Page MenuHomePhabricator

eeden ethernet outage
Closed, ResolvedPublic

Description

Today eeden.wikimedia.org aka ns2.wikimedia.org was offline from the network for ~14 minutes. The icinga alert boundaries in IRC were 16:05 -> 16:19 UTC.

I was able to log in manually on the console as root and confirm no apparent local issues on the machine. It was un-pingable even from other hosts on the same network and could not ping its default gateway. tcpdump confirmed normal ns2 DNS requests were flowing into it on the ethernet port, and that it was responding on the ethernet port as well. However, on its switch (csw2-esams), the interface statistics were showing a normal-ish outbound pps (elsewhere->eeden), but zero pps inbound (eeden->elsewhere). There were no link state changes anywhere near this time window for this port.

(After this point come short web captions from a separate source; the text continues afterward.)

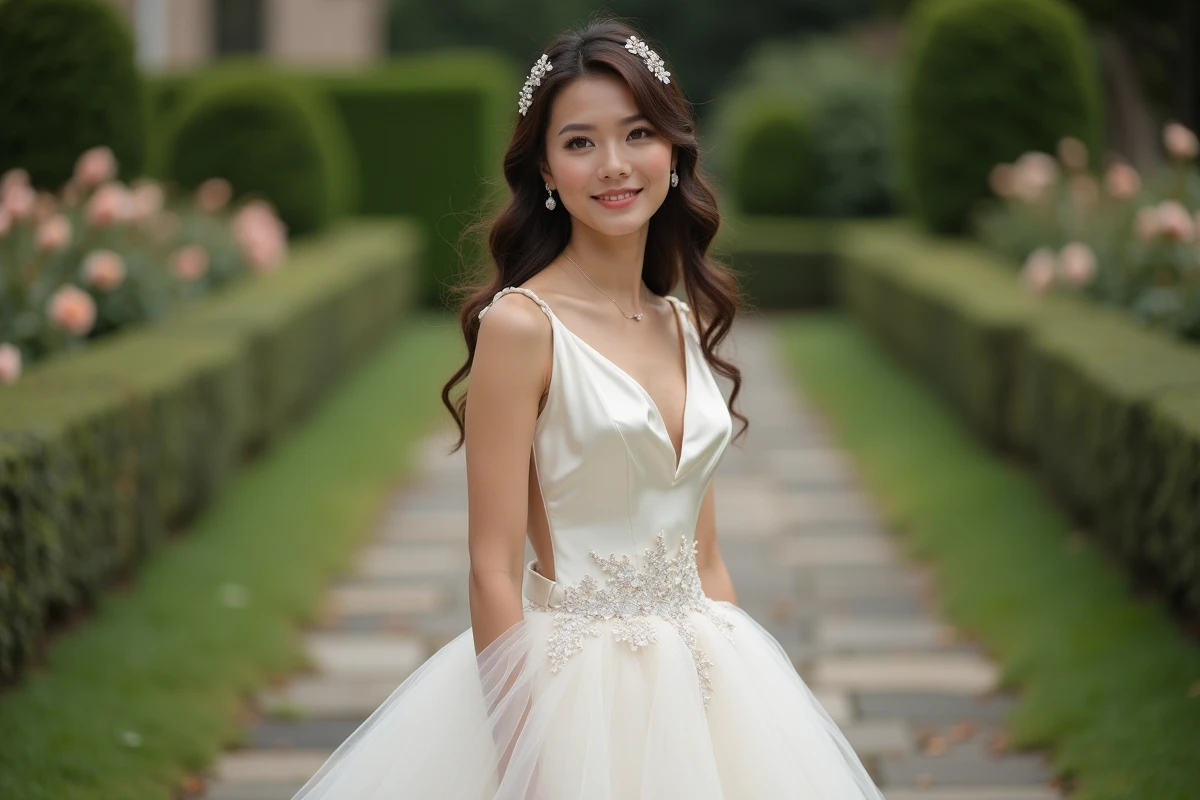 Mariée de petite stature en robe princesse à taille empire et traîne cathédrale dans un jardin fleuri, astuces pour paraître plus grande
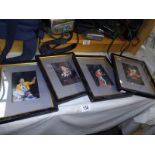 4 framed and signed pictures of Freddie Mercury.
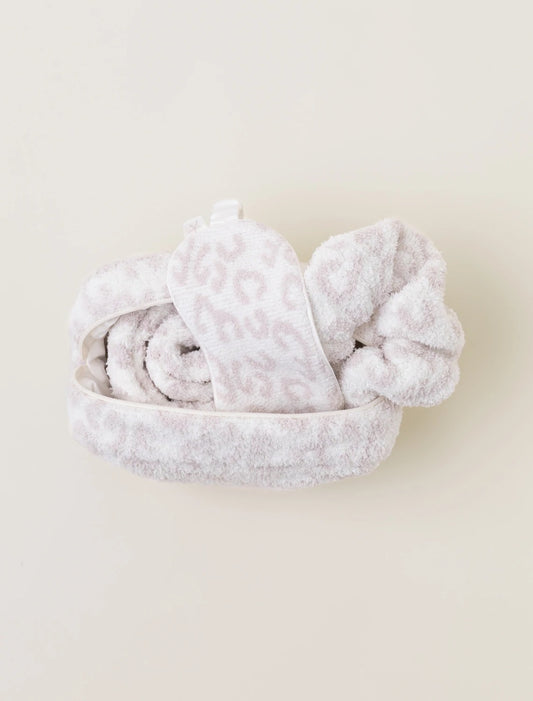 Barefoot Dreams BDWCC20909 BITW Eyemask, Scrunchie and Sock Set - Cream/Stone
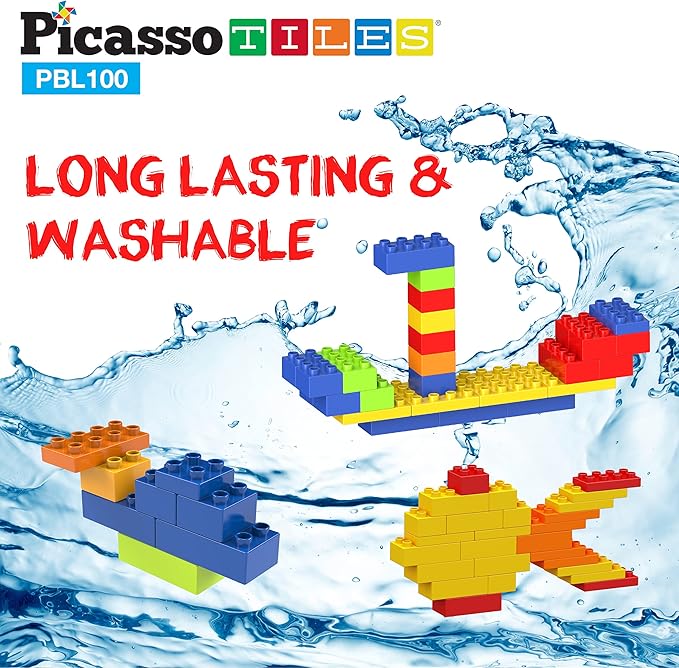 PicassoTiles 100 Piece Large Construction Brick Building Blocks STEM Bricks Toy Set Creative Learning Early Education Playset 5 Colors 4 Unique Shapes Mix & Match Toys for Kids Boys Girls Child Age 3+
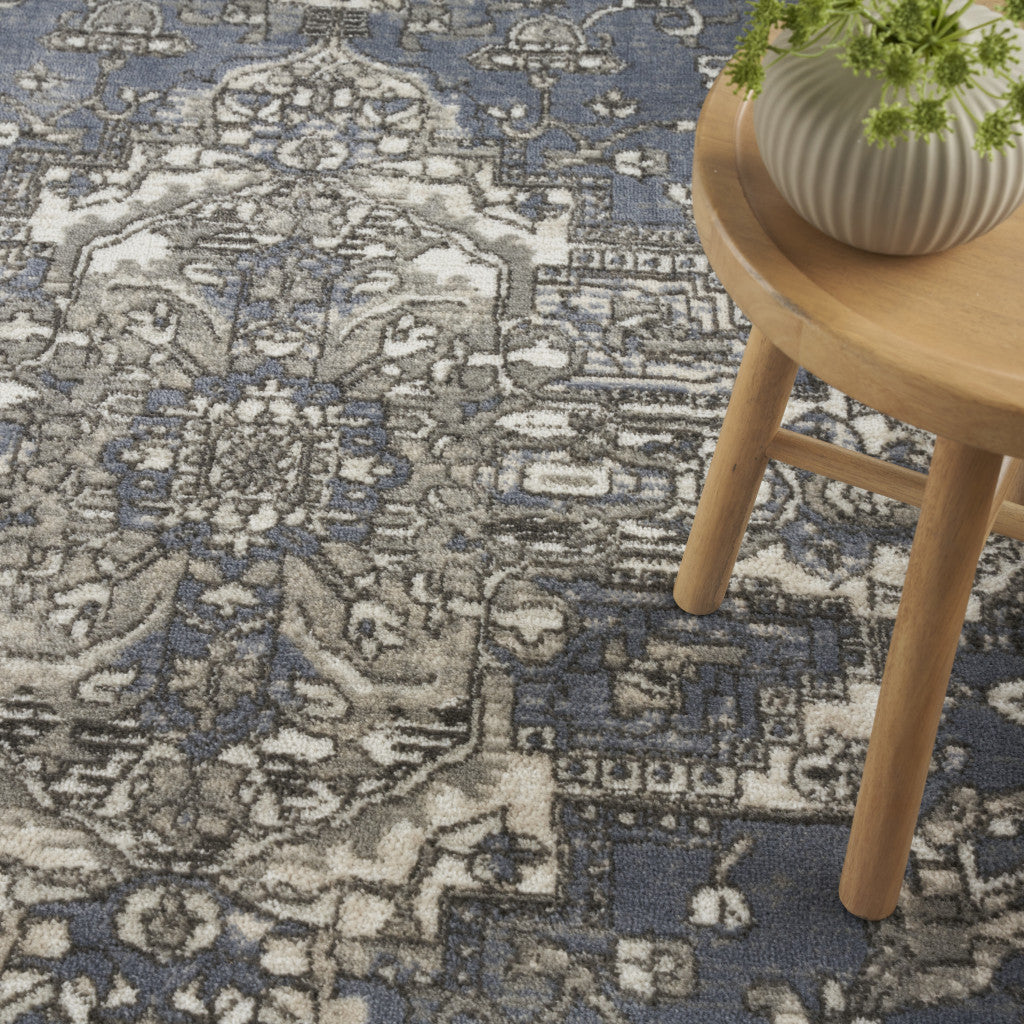 5' X 7' Blue and Ivory Medallion Power Loom Distressed Area Rug - Home & Garden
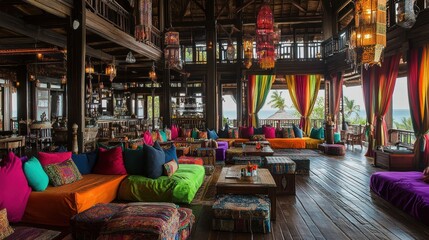 Tropical beachfront lounge, colorful pillows, ocean view, wooden interior, relaxation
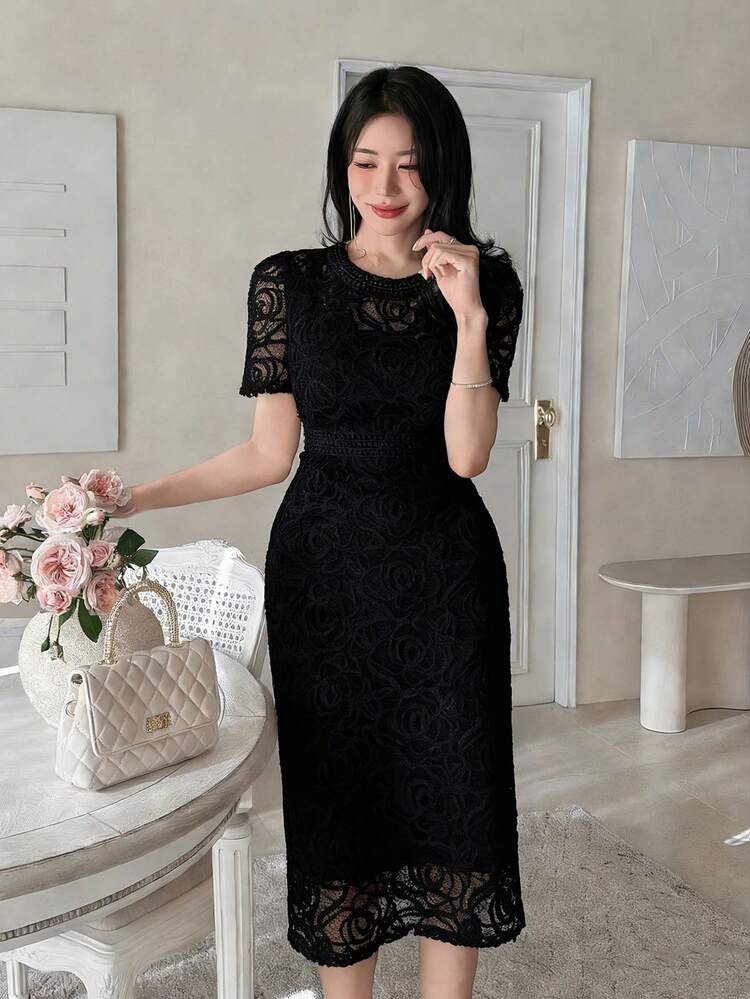 Women's Elegant Round Neck Short Sleeve Dress Summer Sundress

Can we figure out why this happened from switch logs?

Event Timeline

BBlack created this task.Sep 22 2016, 5:31 PM
Restricted Application added a project: Operations. · View Herald TranscriptSep 22 2016, 5:31 PM
Restricted Application added subscribers: Southparkfan, Aklapper. · View Herald Transcript

Nothing appears abnormal in the logs of either csw2, asw nor cr2. Which other hosts on the same network did you try from? I'm interested to find out if they connected on csw2 or asw, and if it was the former, on which stack member.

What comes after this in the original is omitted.